I would add a third fundamental rule, one that I learned many eons ago from the classic book The Elements of Programming Style by Kernighan and Plauger and have verified from many years of experience since then:
(3) Make it right before you make it faster.
Let me give you a classic example of this rule, from a real-world project. Several years ago I had a project to develop an interactive development environment for an industrial robot. This included an environment for writing and managing robotic programs written in a proprietary language, as well as a compiler for that langauage and a real-time debugger that executed the program and communicated with the robot controller (eg breakpoints). Of course, I wrote 99% of this application in VB6 :-)

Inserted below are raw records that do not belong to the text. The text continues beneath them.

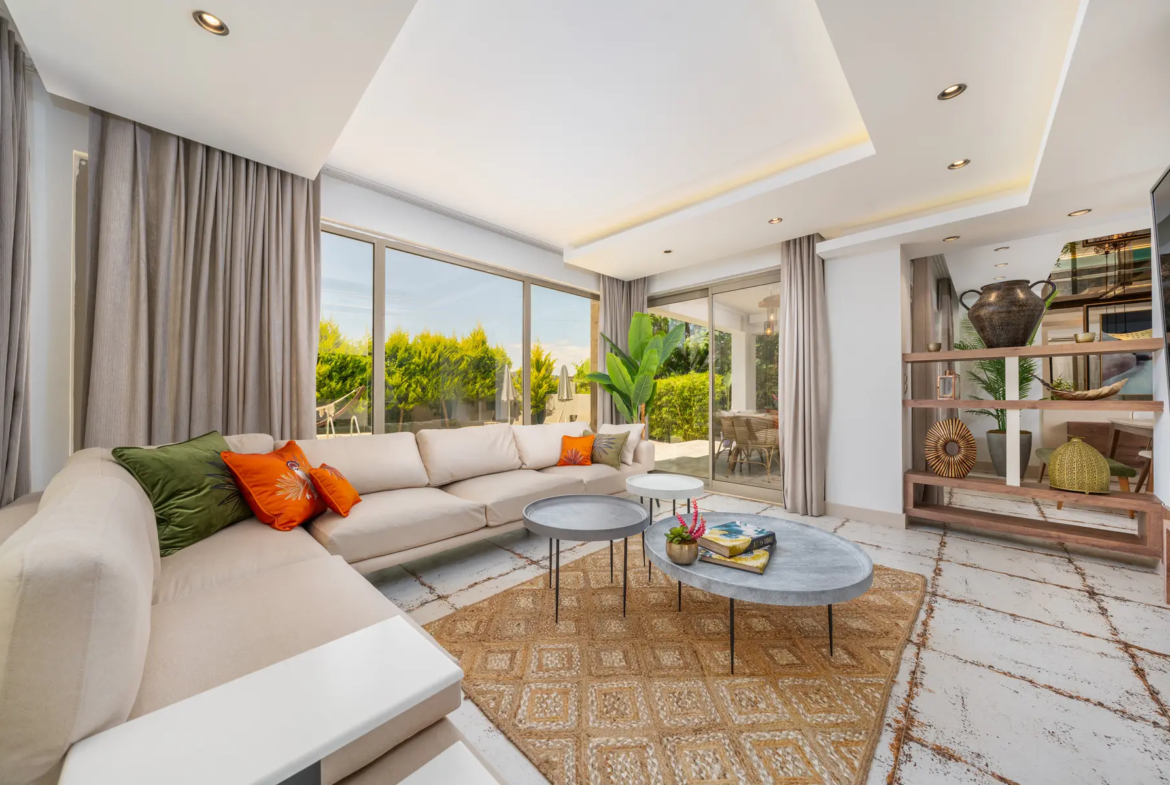 Ölüdeniz Hisarönü Merkezde 500 m² Arsalı, Kapalı Isıtmalı Havuzlu, Saunalı ve Jakuzili 3+1 Müstakil Lüks Villa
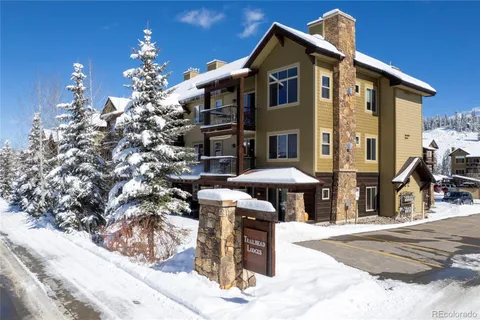 $1,180,000 | 801 Trailhead Circle, Unit 813, Winter Park, CO 80482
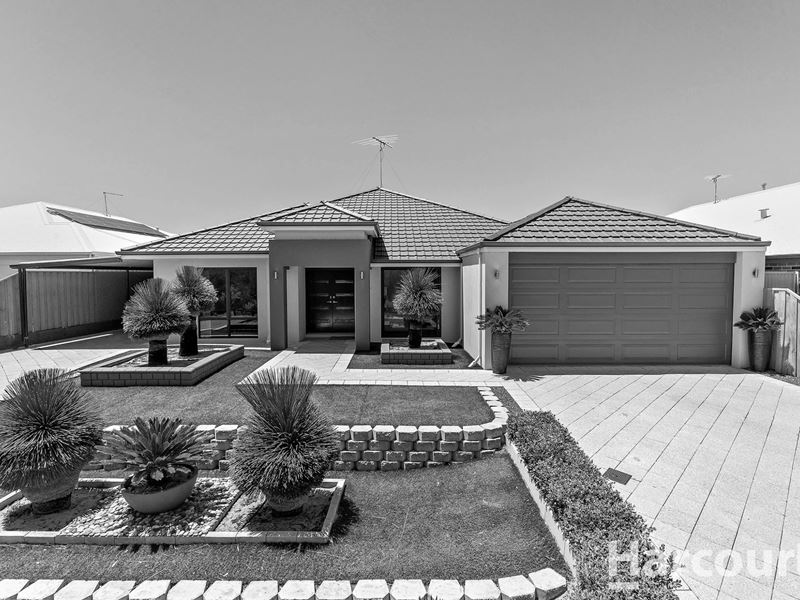 26 Santalum Circus, Halls Head WA 6210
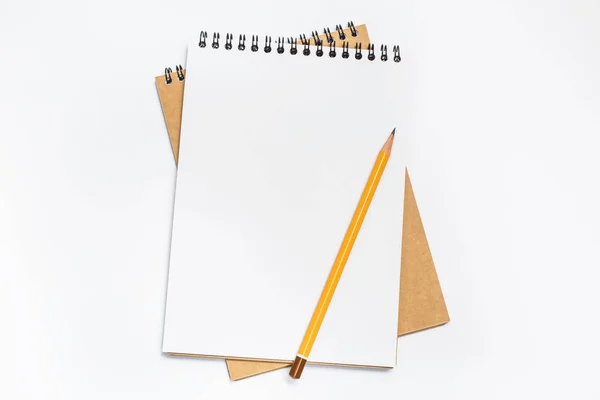 Beyaz masa ortada boş defter ile Üstten Görünüm.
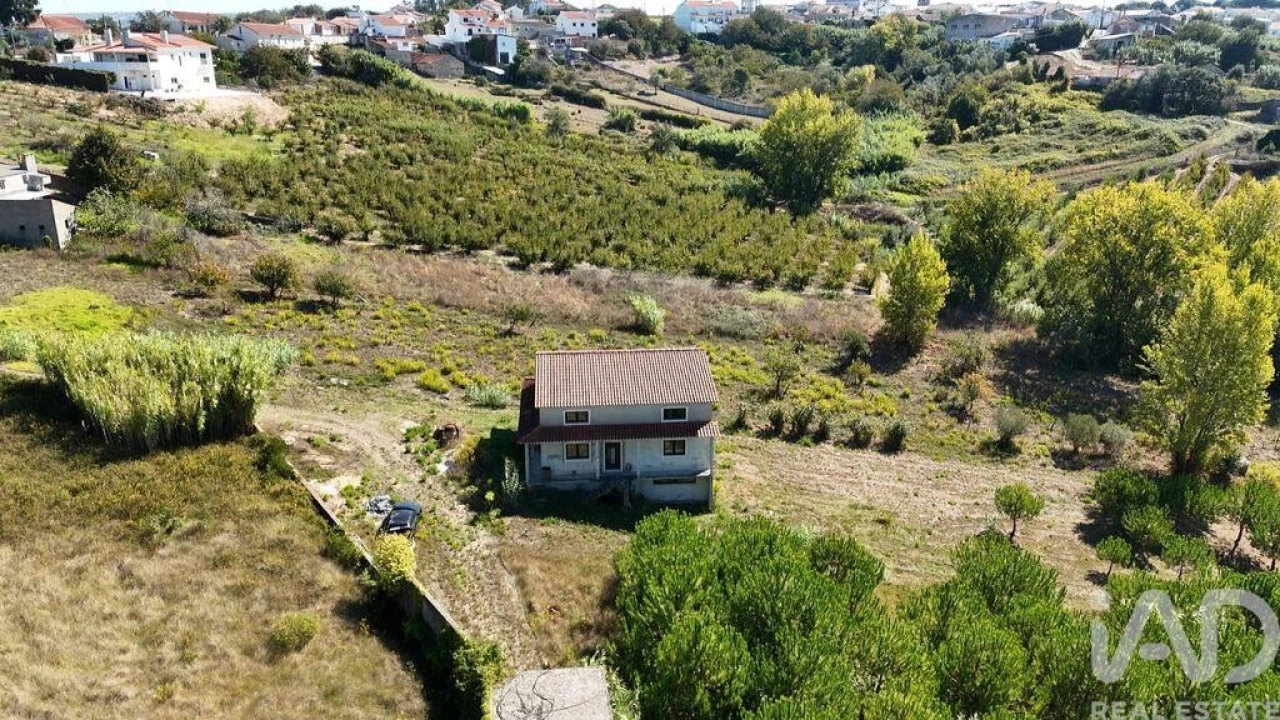 Moradia T4 para Venda em Benedita Foto 9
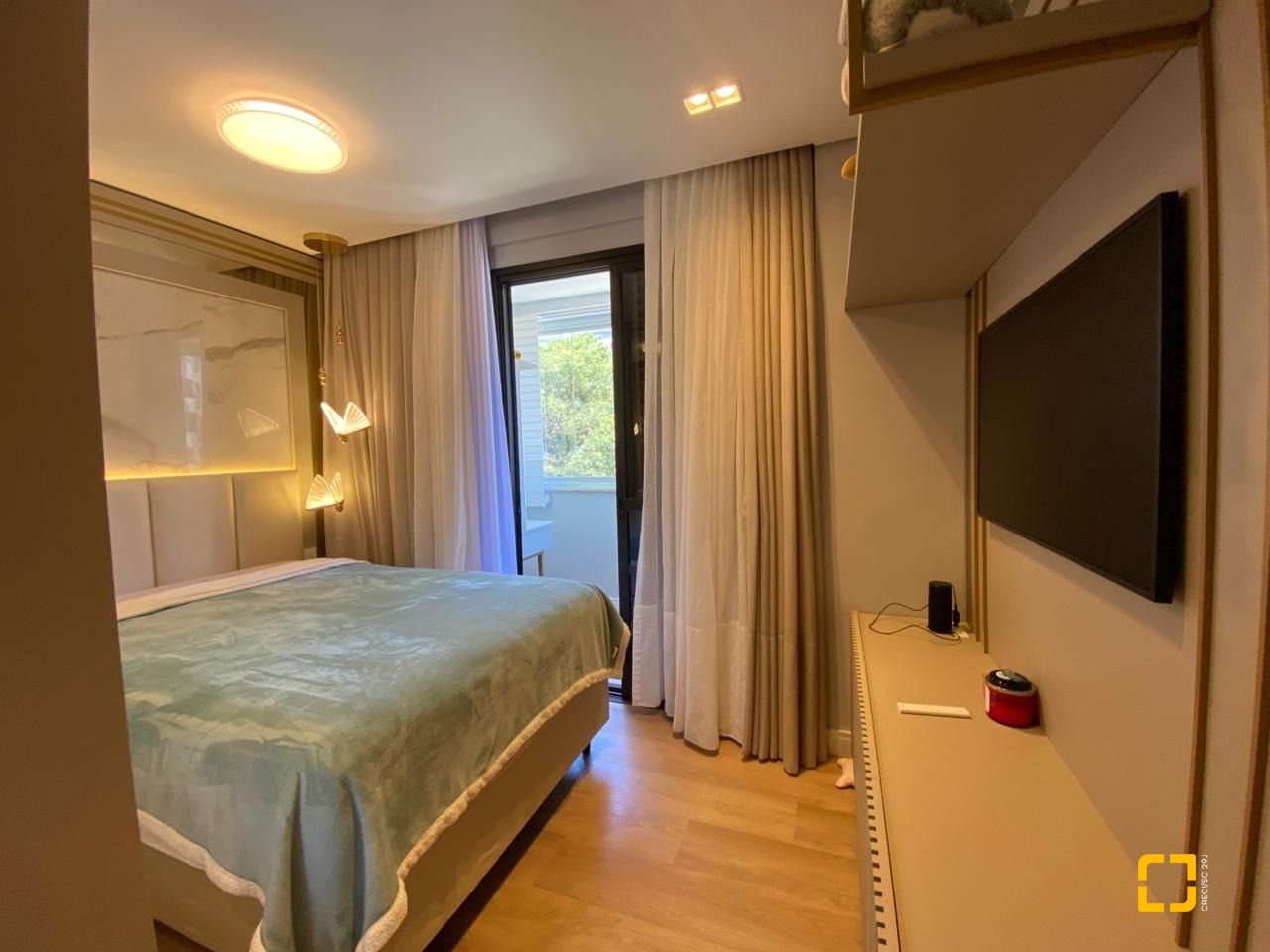 Apartamento com 90m², 5 quartos (sendo 1 suíte), 2 garagens, no bairro João Paulo em Florianópolis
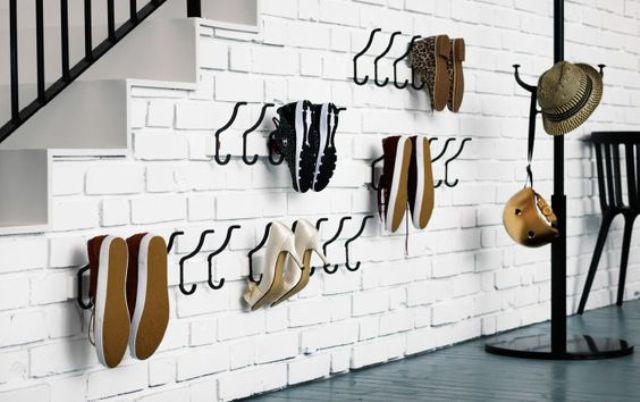 Diy best sale shoe hanger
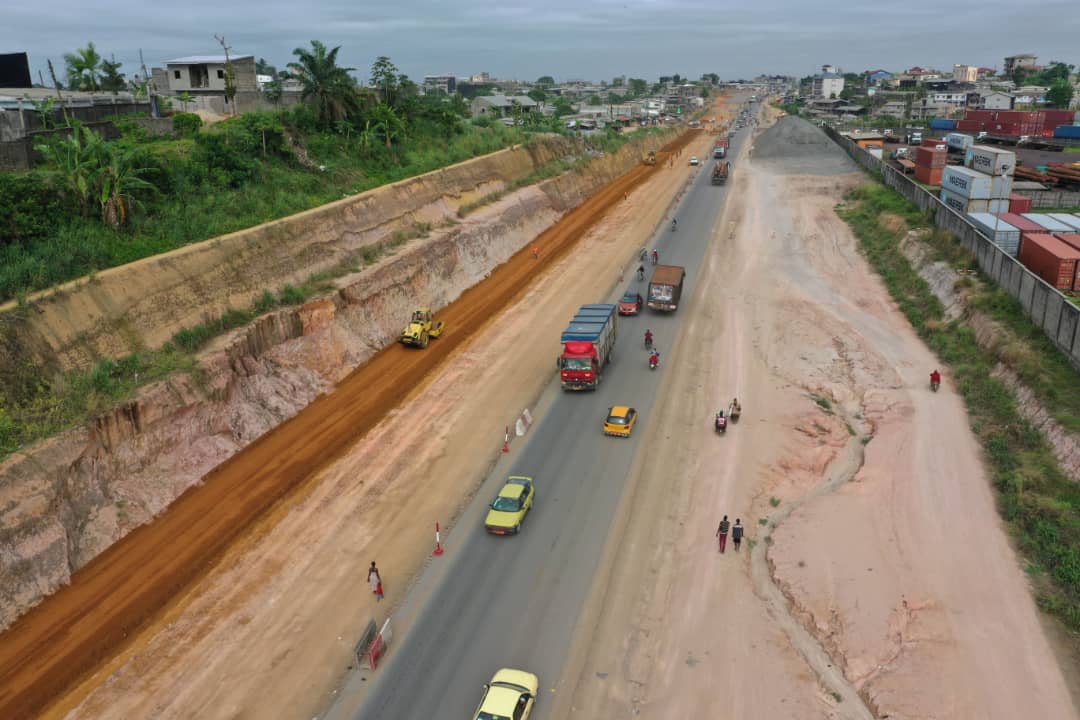 Penetrating East of Douala: phase 2 in slow motion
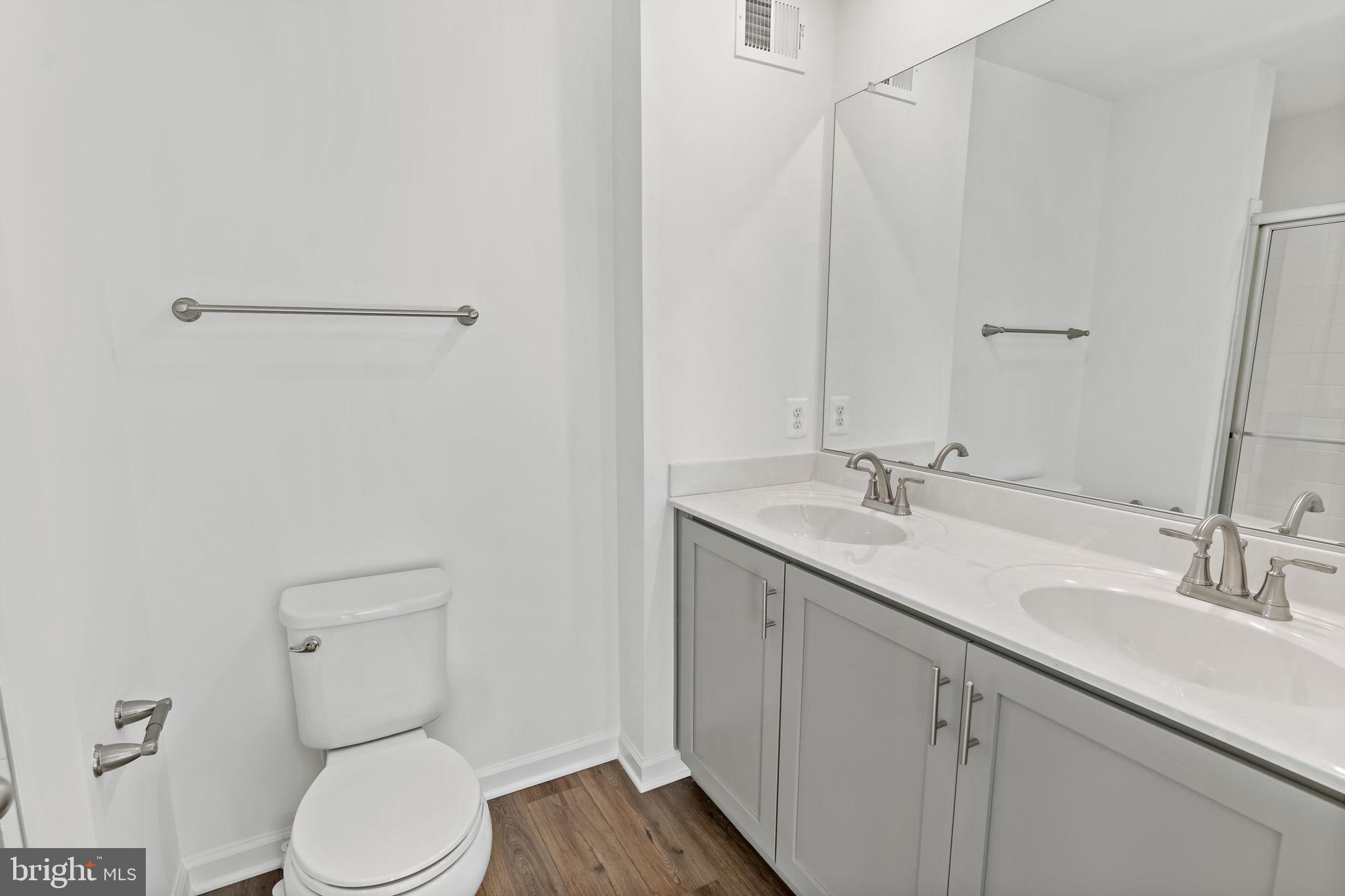 WHISPERING PINES - Residential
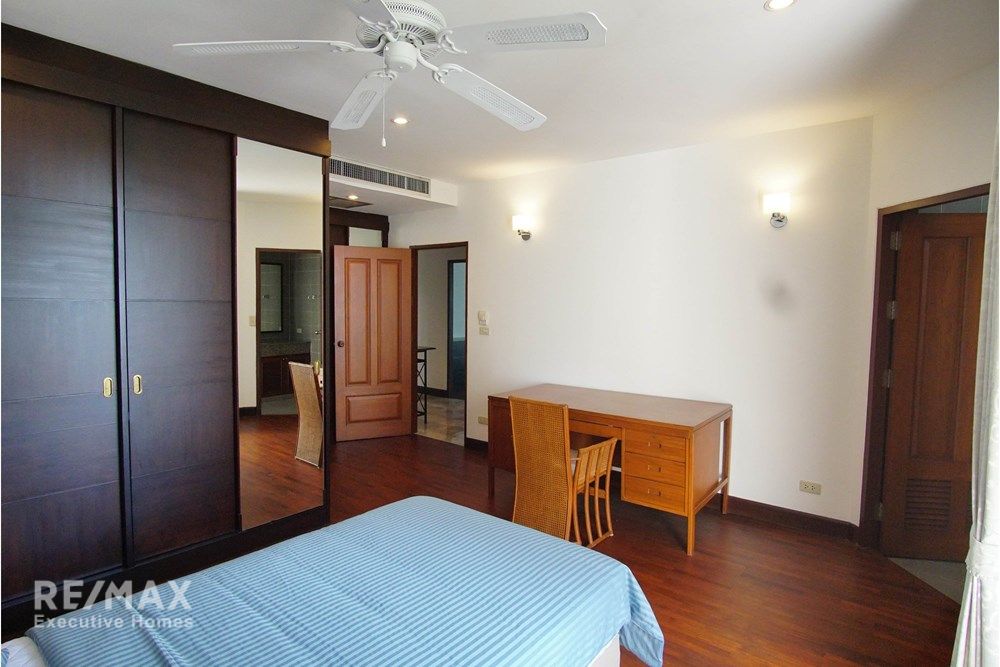 Luxury 4BR Duplex Condo with Study for Rent 130K | 420sqm | BTS Phrom Phong 16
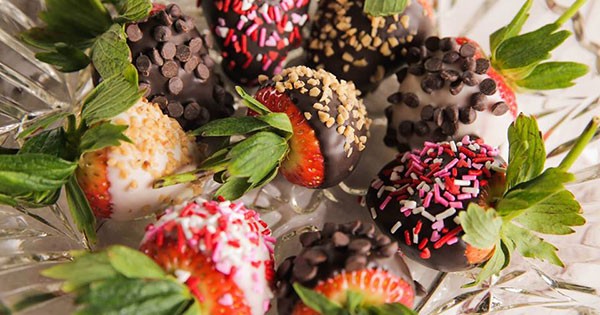 Chocolate-Covered Strawberry Dipping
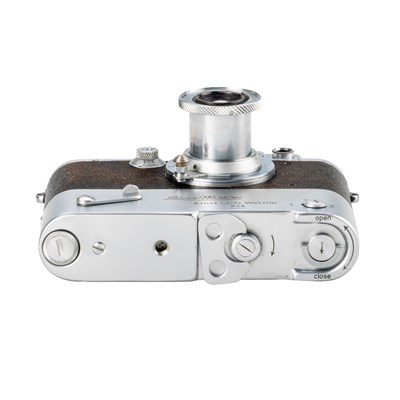 Lot 37 - Leica IIIa + MOOLY No.826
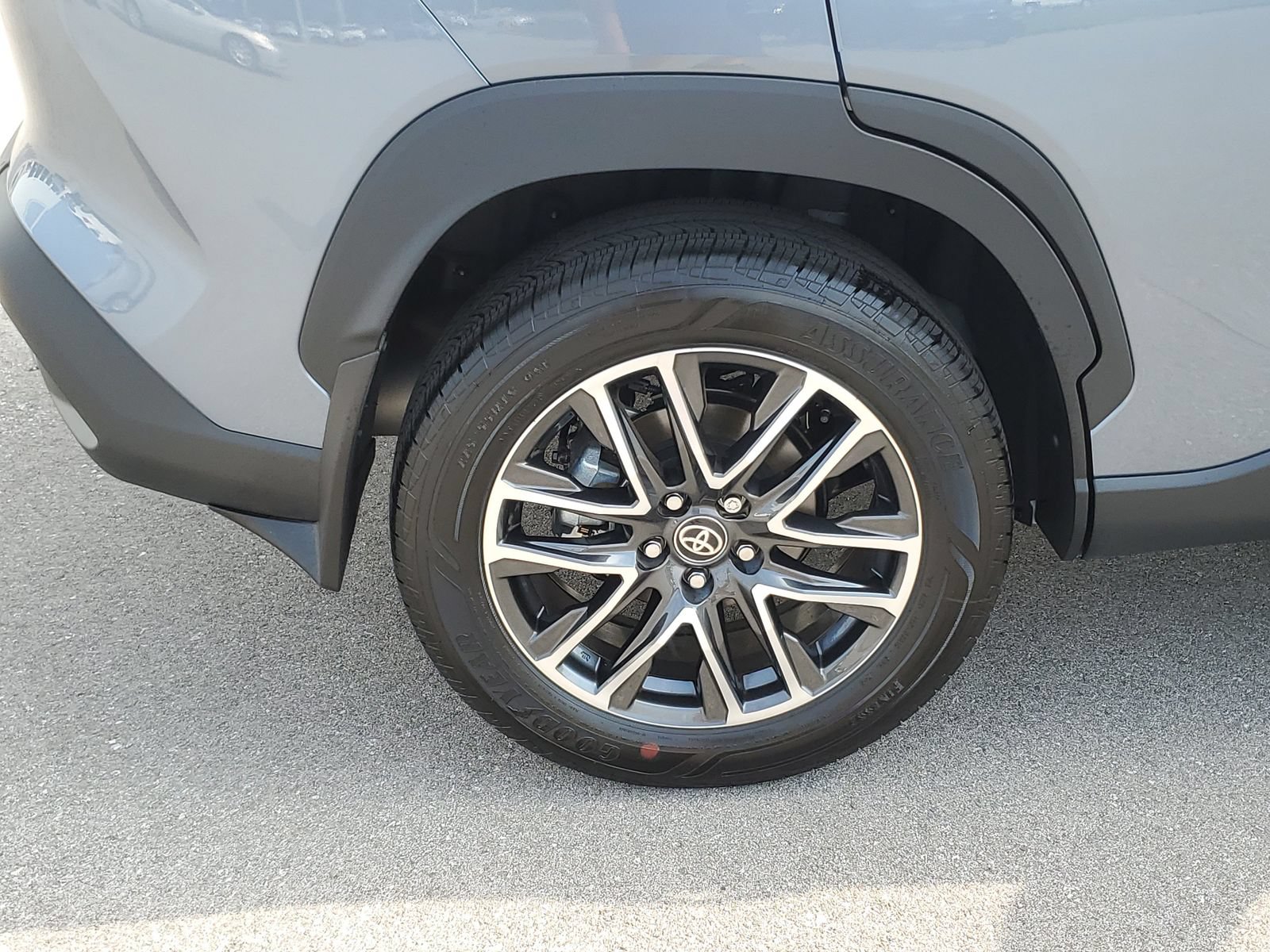 Certified 2026 Toyota Corolla Cross XLE w/ Convenience Package FWD image 5
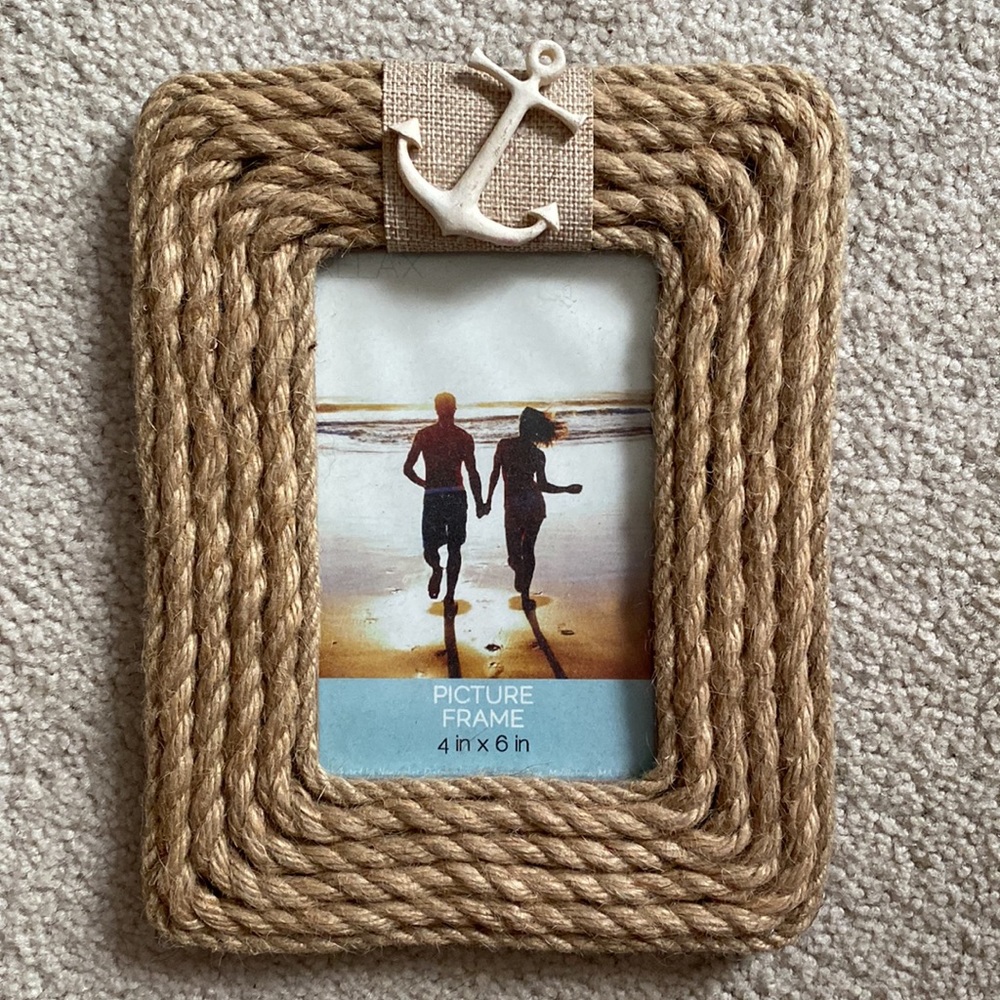 Picture frames - Picture 2 of 5
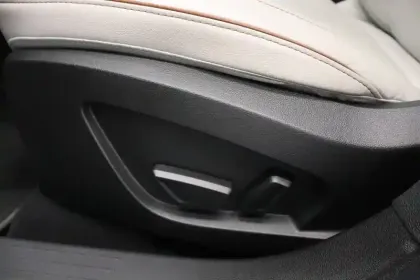 Photo 22 Renault Captur  E-Tech Plug-in 160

Yes, I wrote a real compiler in VB6. Of course, I knew that compilers are very string intensive, and that the performance of string manipulations wasn't exactly VB6's strongest feature. However, I also knew that developing the compiler and verifying its correctness was the real challenge here and I figured I could rewrite the string handling portions of it in C, once it was all working correctly.
Of course, that day never came. The performance of the VB version was just fine and the client was thrilled to have a fully-functional version that much sooner. If I did need to improve performance, rewriting that part in C would have been pretty trivial and the compiler was already proven to be correct.